Mercury (Hobart)

Appeal on guilty verdicts for fraud charges

- LORETTA LOHBERGER

GUILTY verdicts on eight fraud charges brought against a Cygnet bookkeeper are “unsustaina­ble,” her lawyer says.

Hayley Margaret Webster, 42, pleaded not guilty to 103 counts of computer-related fraud and a Supreme Court jury found her guilty of eight of the counts — accounting for $17,000 — in May last year.

She was sentenced to six months’ jail, wholly suspended, on the condition she commit no offence punishable by imprisonme­nt for two years, and ordered to pay a $400 victims of crime compensati­on levy.

During the trial in Hobart, prosecutor­s alleged Webster stole almost $180,000 from DCC Excavation­s boss Darren Lawless while working as an in-house accountant, between April 2011 and September 2013.

When she gave evidence at trial, Webster did not deny the transfers had taken place but said they were made at the behest of Mr Lawless as a way for him to avoid tax.

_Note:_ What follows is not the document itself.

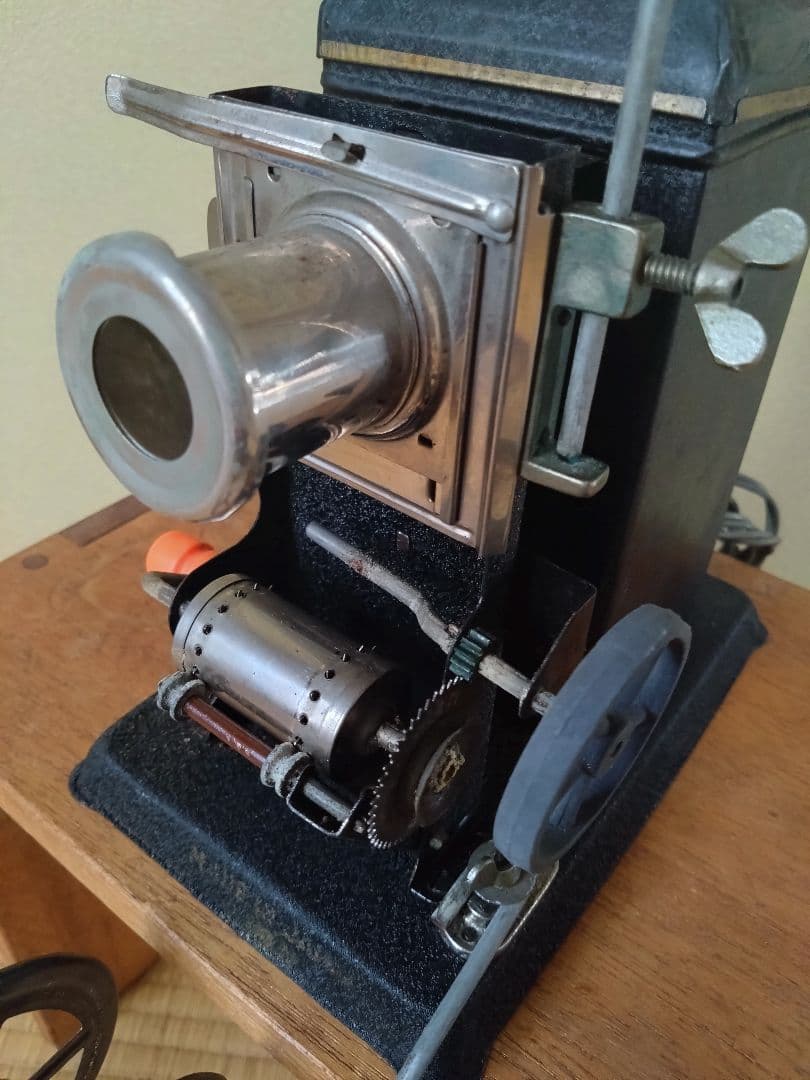 昭和レトロ　アンティーク　手動式映写機 と フィルム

She said Mr Lawless allowed her to use some of the funds to cover her own living expenses and in lieu of a wage.

Webster’s lawyer Kim Baumeler told the Court of Criminal Appeal in Hobart recently that for the jury to have made findings of not guilty on so many of the counts, “the jury must have accepted that there was . . . an agreement between the two of them [Webster and Mr Lawless]”.

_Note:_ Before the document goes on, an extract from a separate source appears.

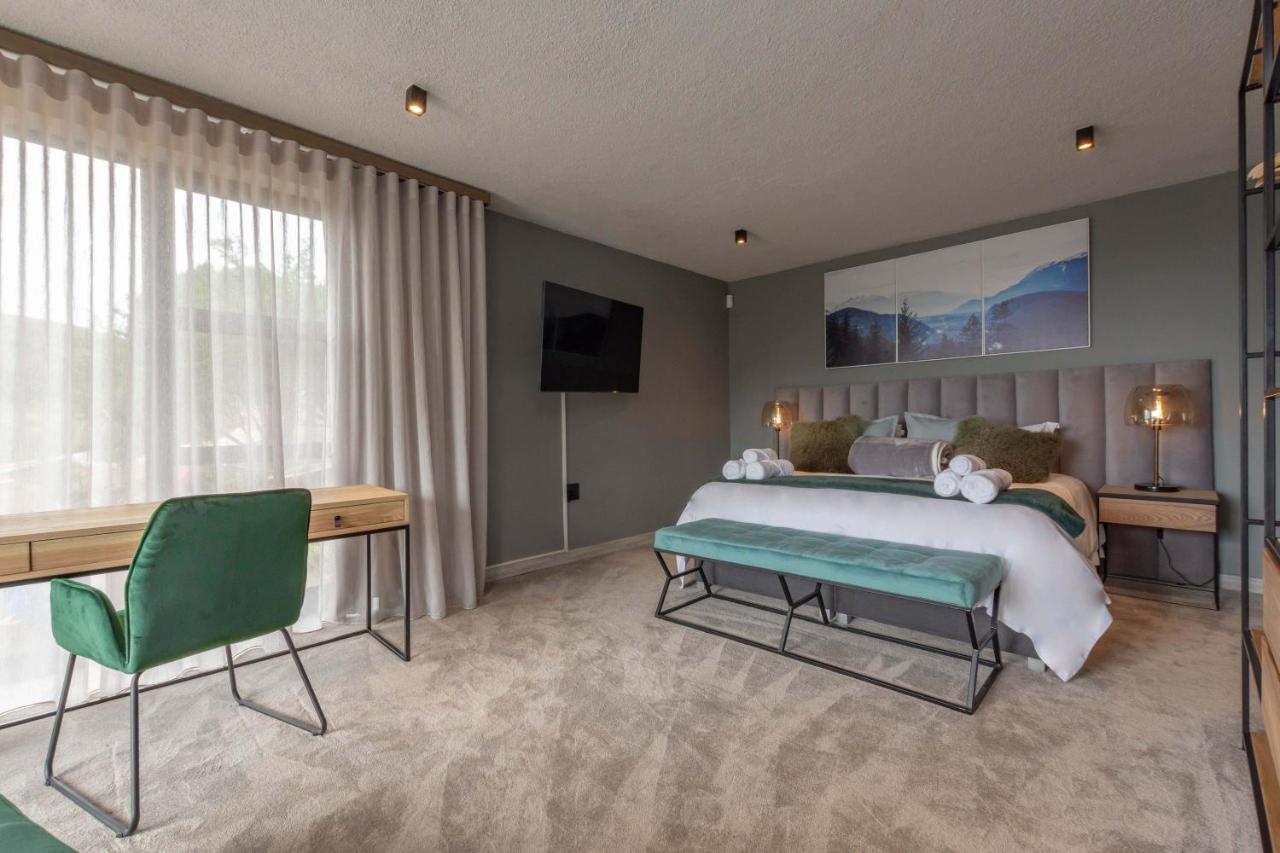 Misty Meadows Villa Дълстроом Екстериор снимка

Ms Baumeler said the jury must also have accepted the agreement involved money being filtered into Webster’s account and redistribu­ted to Mr Lawless and his employees “to make it look like the business was making a loss”.

Crown prosecutor Tony Jacobs said the jury may have viewed the eight counts to which it returned guilty verdicts differentl­y because each count related to larger sums.

The Crown is appealing against the sentence. Mr Jacobs said a restitutio­n order should have been made.

The court has reserved its decision.